:: TASK TO CARRY OUT ::
Every line of the listing must be reproduced as it stands. Leave the images behind.

:: GIVEN INFORMATION ::
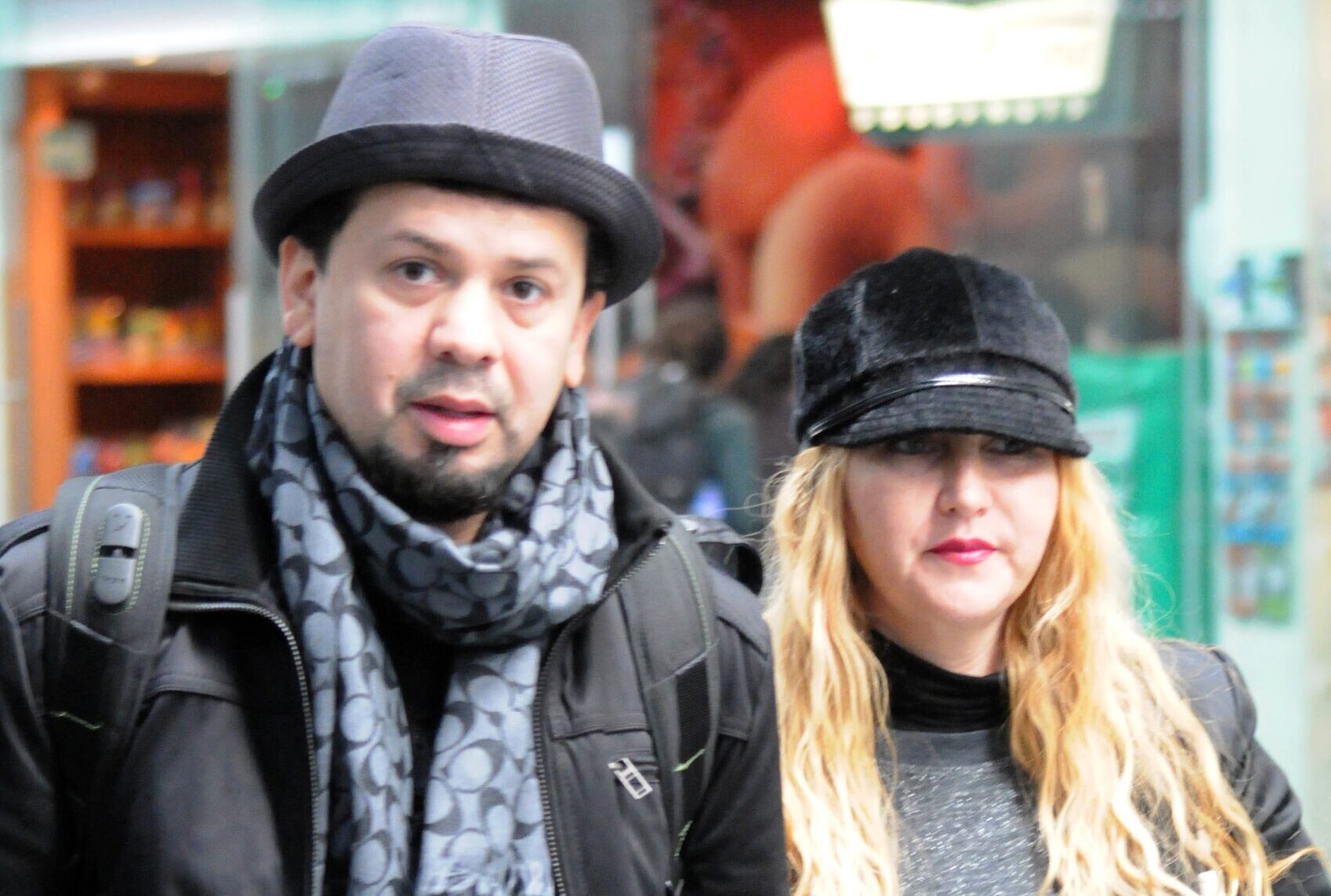Cruz Martínez y Alicia Villarreal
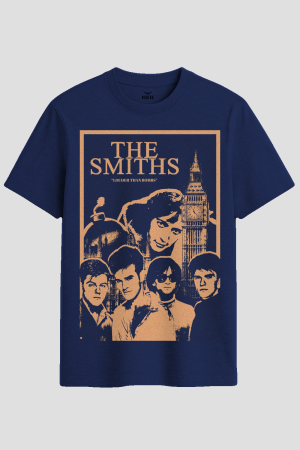 The Smiths Louder Than Bombs Retro Band Graphic T-Shirt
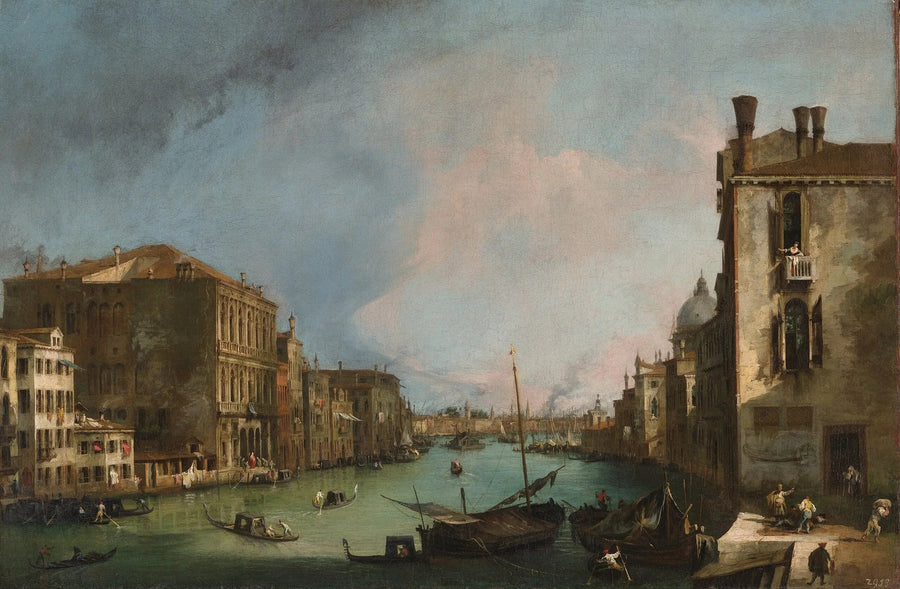 Le Grand Canal med Rialto-broen - Canaletto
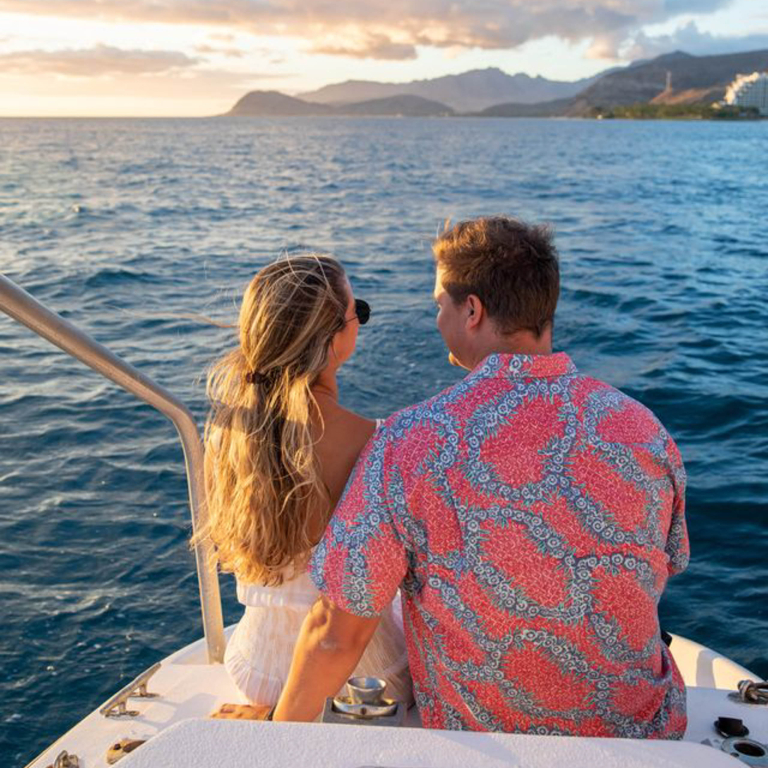 Koolinaoceanadventures Koolina Sunset Sail Couple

:: THE COMPLETED TASK ::
Cruz Martínez y Alicia Villarreal
 The Smiths Louder Than Bombs Retro Band Graphic T-Shirt
 Le Grand Canal med Rialto-broen - Canaletto
 Koolinaoceanadventures Koolina Sunset Sail Couple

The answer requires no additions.